Ann-Marie Einhaus’s chapter on Horizon and Tessa Thorniley’s on The Penguin New Writing are excellent companion pieces, offering insights into the two rival publications’ differing handling of wartime stories. Einhaus shows that Cyril Connolly, editor of Horizon, treated the short story as lightweight pastime reading, as opposed to serious journalistic reports. Therefore, wartime stories were included in Horizon mostly for their topicality to appeal to the mass reader. In contrast, John Lehmann’s editorship in The Penguin New Writing, as Thorniley demonstrates, helped writers to explore the short story as an apposite literary form to express their wartime experience from a variety of perspectives across class and gender. Lehmann observed that different literary sensibilities—documentary realism and psychological analysis—had distinct effects to render wartime experience. His editorship thus oversaw a diverse array of wartime stories and had great impact on subsequent writings on this topic.

With a similar interest in sub-genre, Emma West draws our attention to ‘the artist story’ which became popular in the 1920s, especially in The Royal and The Strand. After World War I, readers longed for gaiety. In the ensuing battle of the brows in the interwar years, anyone with highbrow aspirations became subjects of derision.
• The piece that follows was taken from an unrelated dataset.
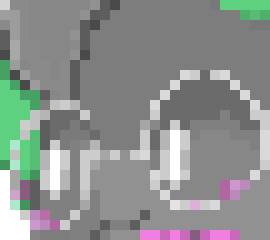 [9c272c] Is he literally focusing on my sprite other than the person behind it?... In that case, guess it's my turn to do so. - G.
The figure of the artist—especially Futurists at the time—became representative of the indulgent elitists, potential targets to lampoon. In The Strand, a middlebrow or ‘broad-brow’ magazine, the avant-garde artists bore the brunt of the joke. In The Royal, however, the artists—especially commercial writers—were often celebrated as success stories to which their lower-middle class readers could aspire. 

The last section of the collection turns to periodicals of regional interests. Tara McEvoy’s chapter offers an engaging account of the Northern Irish magazine Lagan. Named after the river dissecting Belfast, the magazine was founded with an ambition to champion a distinct Ulster writing for international recognition. McEvoy suggests that the editor John Boyd harboured ‘a vibrant, outward-looking regionalism’ that could ‘act as a springboard for solidarity with international liberal and leftist causes, and artistic movements’ (277). Turning our attention from Northern Ireland to Wales, Daniel Hughes examines Wales magazine, which had Dylan Thomas as its poster boy. Welsh-nationalist in its political persuasion, Wales also engaged with European modernism. To certain extent, both Lagan and Wales highlight the complex exchange between localism and international modernism, offering a reconsideration of the geographical dimension of high modernism. 

This volume assembles an impressive array of contributions, with broad thematic concerns, and diverse approaches to the rich terrain of periodical studies. The collection fully demonstrates the various ways in which the periodical as a medium may reshape our understanding of modernism and modernity. Attending to little magazines as well as middlebrow and illustrated popular magazines, it resonates richly with the New Modernist Studies’ agenda of expanding the cultural latitude of high modernism. It is essential reading for researchers interested in modern periodical studies, and the short story form.